CC-201c · Module 2

Terminal Management

3 min read

Running parallel Claude instances means managing parallel terminal sessions. Without organization, you end up with six identical-looking terminal tabs, no idea which one is doing what, and a guarantee of typing the wrong instruction into the wrong instance. Terminal management is the unsexy infrastructure that makes parallel development work. The investment is five minutes of setup. The return is hours of friction-free parallel work.
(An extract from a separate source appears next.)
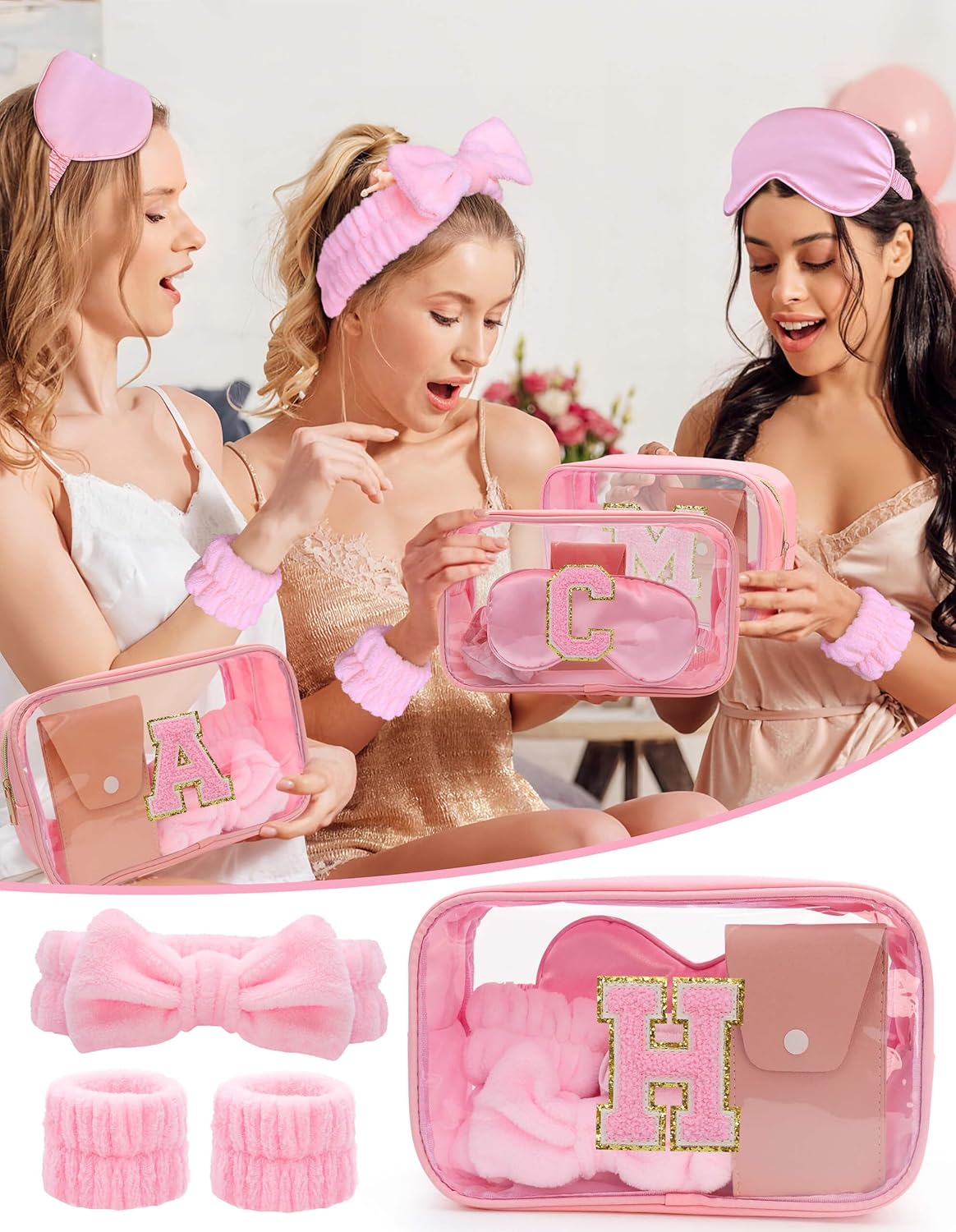 Gift Sets for Women, Initial Makeup Bag with Makeup Brush Set Bachelorette Party Favors, Pink Spa Kit with Skincare Headbands Wrist Bands Sleepover Party Supplies Gifts for Teen Girls Bridesmaid H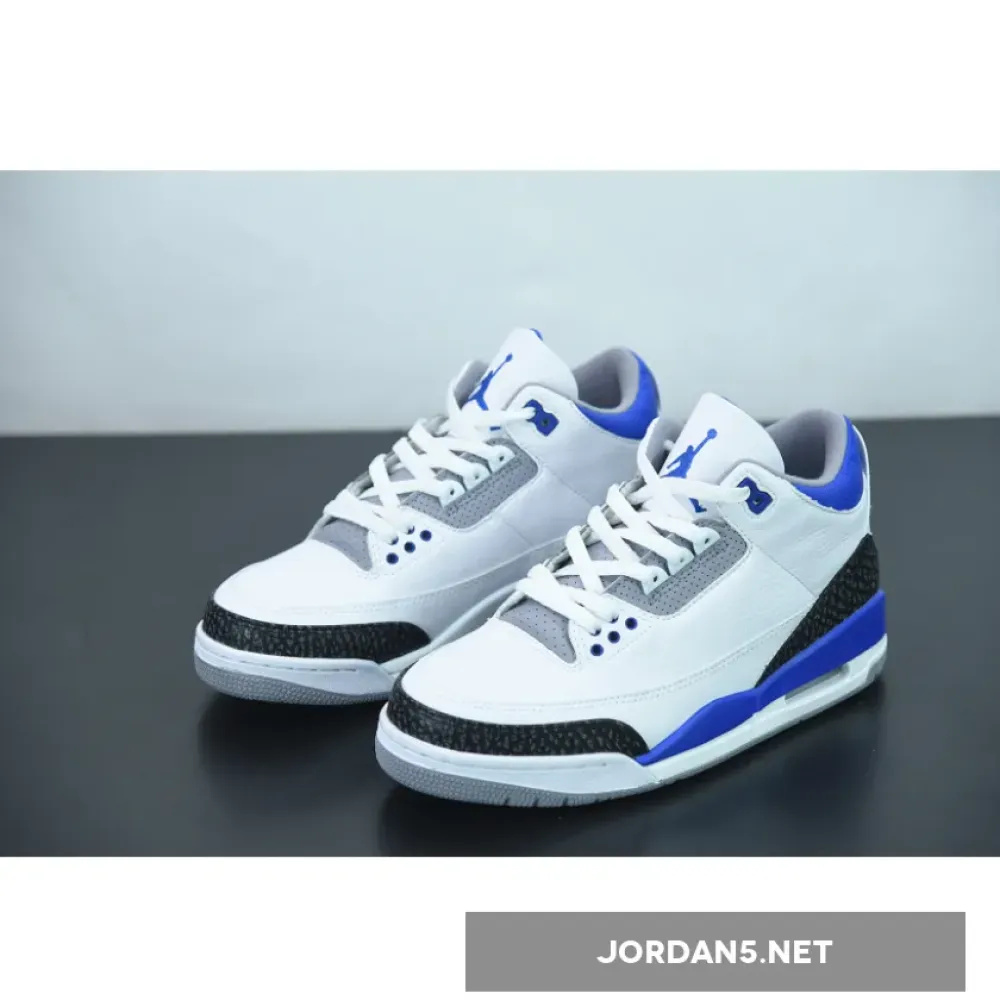 Air Jordan 3 White/Black-Cement Grey-Racer Blue  CT8532-145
The first rule: name everything. Rename each terminal tab to its task — "auth-refactor," "api-tests," "quick-fixes." In iTerm, right-click the tab to rename. In tmux, Ctrl-B then comma. In Windows Terminal, right-click the tab. Now when you glance at your tab bar, you know exactly what each instance is working on. The second rule: use spatial organization. Put your primary task on the left pane, background tasks on the right. Or use one tab per worktree. Consistent spatial layout builds muscle memory — you stop thinking about which tab to click and start navigating by position.

Notification integration completes the system. Configure Claude Code to play a sound or send a notification when it finishes a task. The exact mechanism varies by terminal — iTerm supports triggers, tmux supports hooks, and you can configure Claude Code's completion notifications directly. When Instance B finishes in the background, you hear the chime, glance at the tab name, and know exactly what result is waiting. You stay focused on your primary task until a background instance needs attention. This is the "Starcraft" pattern — managing multiple units through spatial awareness and audio cues.